Kami sama-sama terdiam selama 5 menit dan terus menatap kedepan sampai. “Selamat.” Ucapnya singkat tapi tetap menatap lurus ke arah langit.
“Untuk?” Aku menatapnya dari samping, semuanya terasa pas malam ini.
“Mencetak poin pertama diring basket sekolah.” Jawabnya.
“Itu karena beruntung aja.” Aku membantah dan ia hanya mengangkat sedikit sudut bibirnya.
“Kali ini beruntung, lain kali seharusnya enggak.” Ucapnya lagi sambil terus memandang bintang yang paling terang malam ini.
“Kakak sering kesini pas malam hari?” tanyaku melihat ia masih memandang bintang yang sama.
“Kalau lagi banyak pikiran aja.” Jawabnya singkat, sama sekali tidak ada perubahan sikap.
“Sekarang lagi banyak pikiran?”
“Lumayan.”
“Mikirin apa?”
“Pasti maunya saya jawab, mikirin kamu.” Aku langsung tidak terima dan menatapnya kesal.
“Apaan sih!”
“Bercanda, serius banget. Mikirin besok, kan besok acara OSIS sama murid baru.” Aku mencoba menetralkan perasaan yang baru saja dibuat kesal, jadi aku memilih diam.

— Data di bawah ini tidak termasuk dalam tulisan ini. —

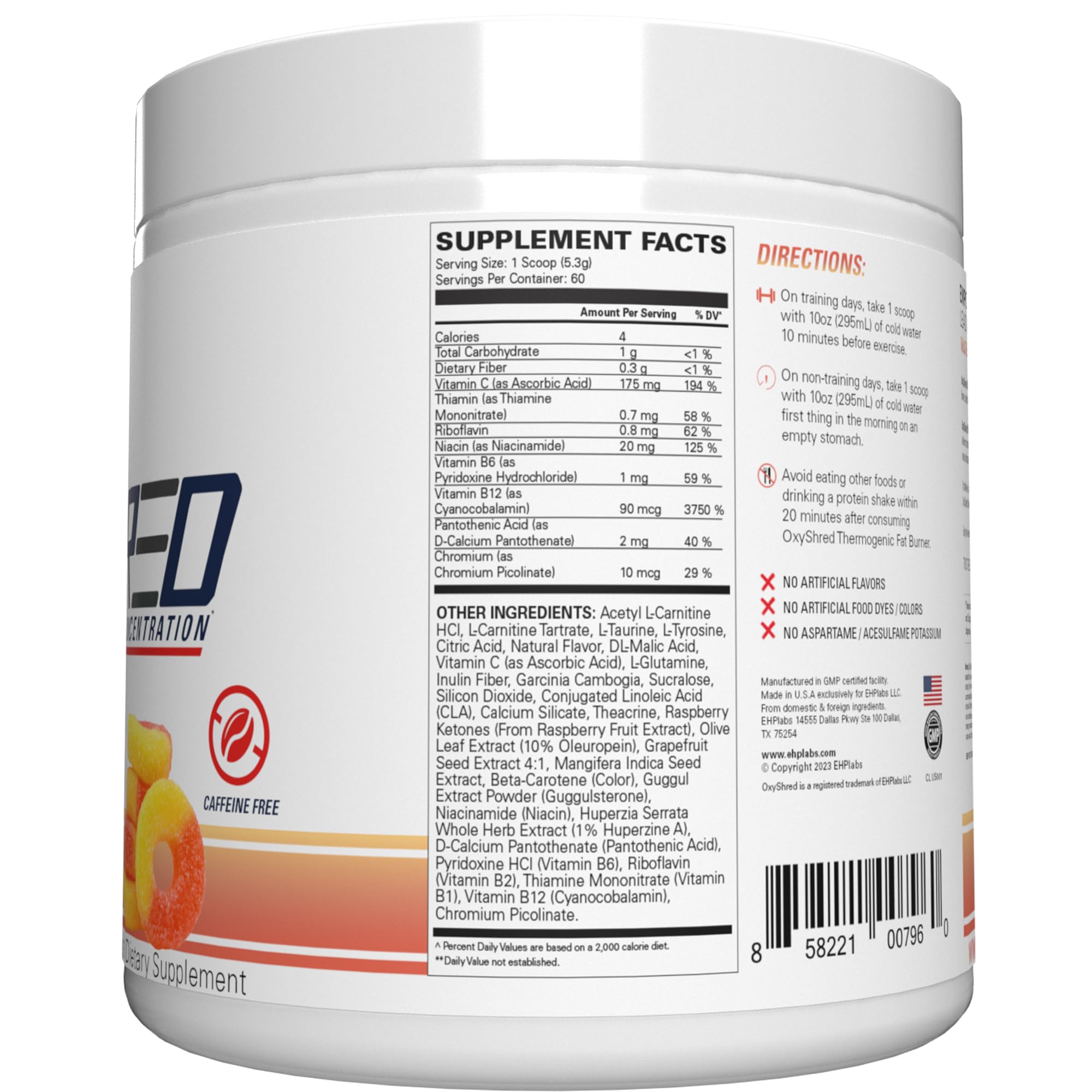 EHP Labs OxyShred Non Stimulant Pre Workout Powder - Stim Free Pre Workout, Caffeine Free Preworkout for Men & Women with L Glutamine & Acetyl L Carnitine - Peach, 60 Servings EHP Labs uk supplements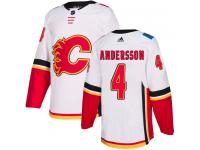 Youth Adidas NHL Calgary Flames #4 Rasmus Andersson Authentic Away Jersey White Adidas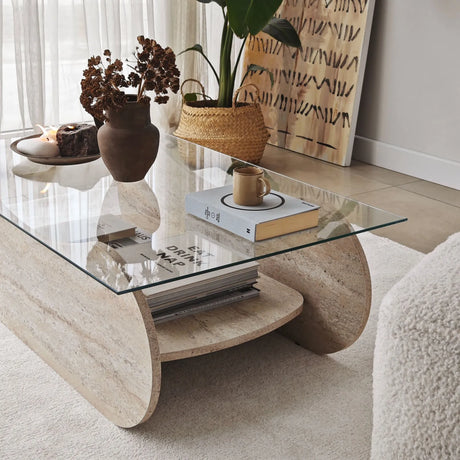 Couchtisch Brise aus gehärtetem Glas und Holz, 105×65×35 cm von Hanah Home – Bild 5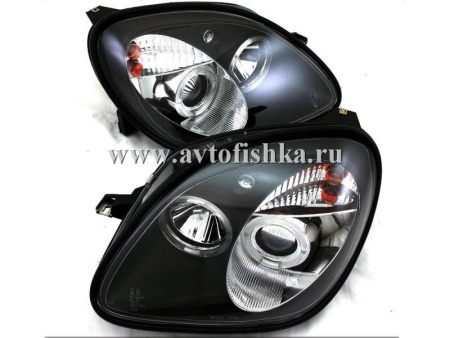 Mercedes SLK R170 (98-04) фары передние линзовые черные, со светящимися ободками, комплект 2 шт.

“Coba deh kamu jangan liatin saya terus, kamu liat ke bintang yang paling terang” ucapnya sambil masih memejamkan mata, mengapa dia suka sekali berbicara sambil memejamkan mata? Dan kenapa dia selalu berhasil memergokiku yang sedang mengamatinya.
“Dia hebat, karena walaupun dia kecil tapi dia cukup terang untuk terlihat dari sini.” Ucapnya mulai tersenyum walaupun sedikit.

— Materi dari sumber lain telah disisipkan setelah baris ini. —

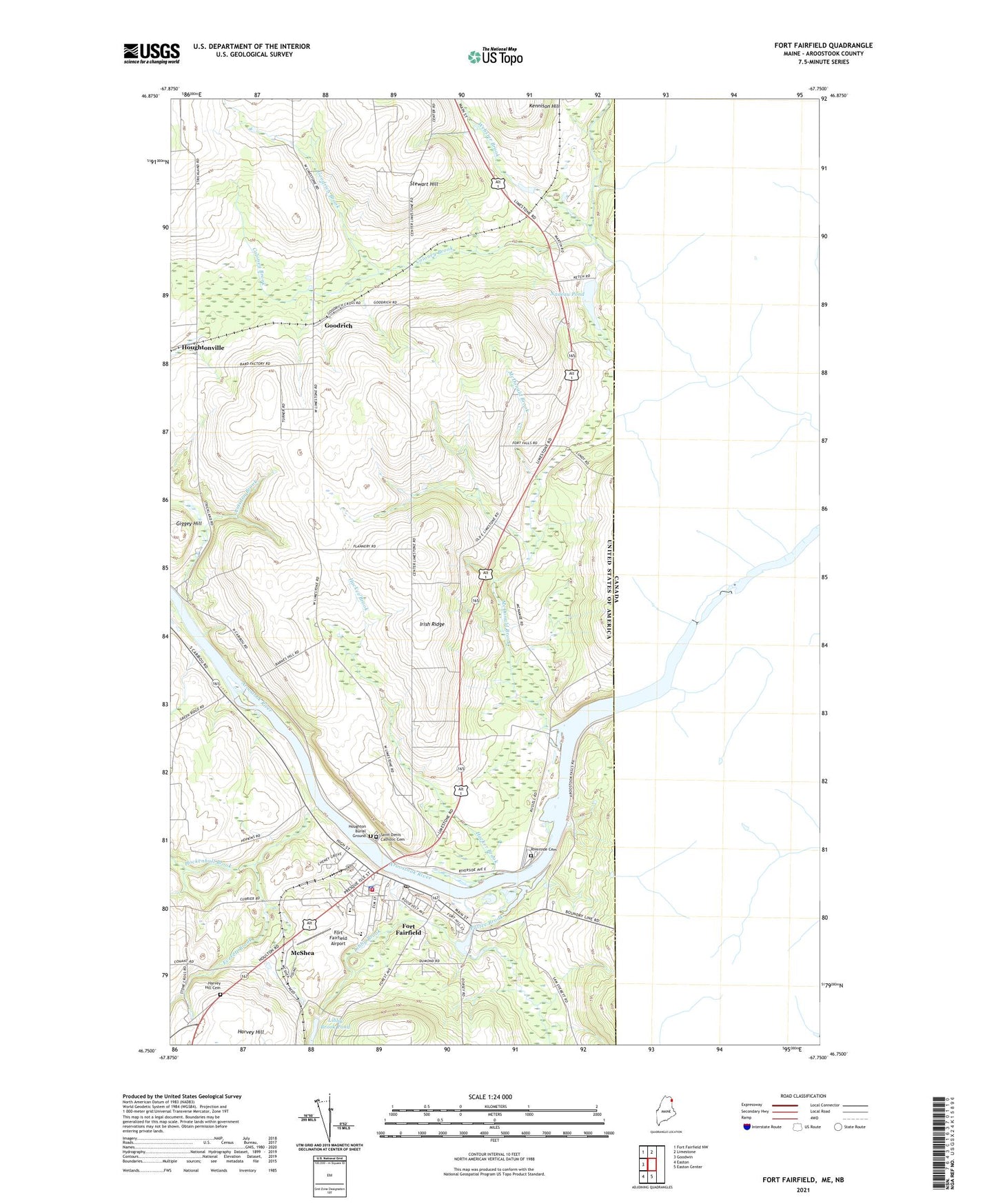 Fort Fairfield Maine US Topo Map Image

“Saya selalu berharap jadi seperti bintang itu, makanya dalam hidup saya fokus untuk mengejar impian.” Ucapnya lagi tanpa diminta, ternyata ia juga suka berbicara.
“Gak perlu pamer bahwa dia bintang, cukup menunjukan sinarnya, semua orang tahu dia lah bintang yang paling terang.” Kali ini ia membuka mata, aku hanya bisa tersenyum, saat tenang seperti ini, aku suka mendengarkan dia lebih banyak berbicara.
“Kamu kok diem aja?”
“Baru kali ini lihat kakak banyak bicara.”
“Emang biasanya gimana?”
“Lebih banyak ngeselin sih.” Kali ini dia yang menatapku.
“Kamu kesel sama saya?”
“Banget!”
“Kok masih mau diajak jalan?”
“Dipaksa.”
“Engga dipaksa juga mau.”
“Terserah!” dia terkekeh.
“Ayo pulang.” Ucapnya tiba-tiba duduk dan bersiap berdiri, dan aku mengikutinya. Malam ini aku belajar untuk menjadi pendengar yang baik, walau tetap saja jika kami bertemu hanya ada adu argumen, tapi aku sangat menyukai momen ini, bagiku saat dia bercerita, aku ingin sekali mendengarkan, semuanya tampak menarik sekarang, bagaimana dia melangkah di depanku, dia yang pendiam, dia yang punya sikap dingin sekaligus mampu menghangatkan tanpa bisa ditebak.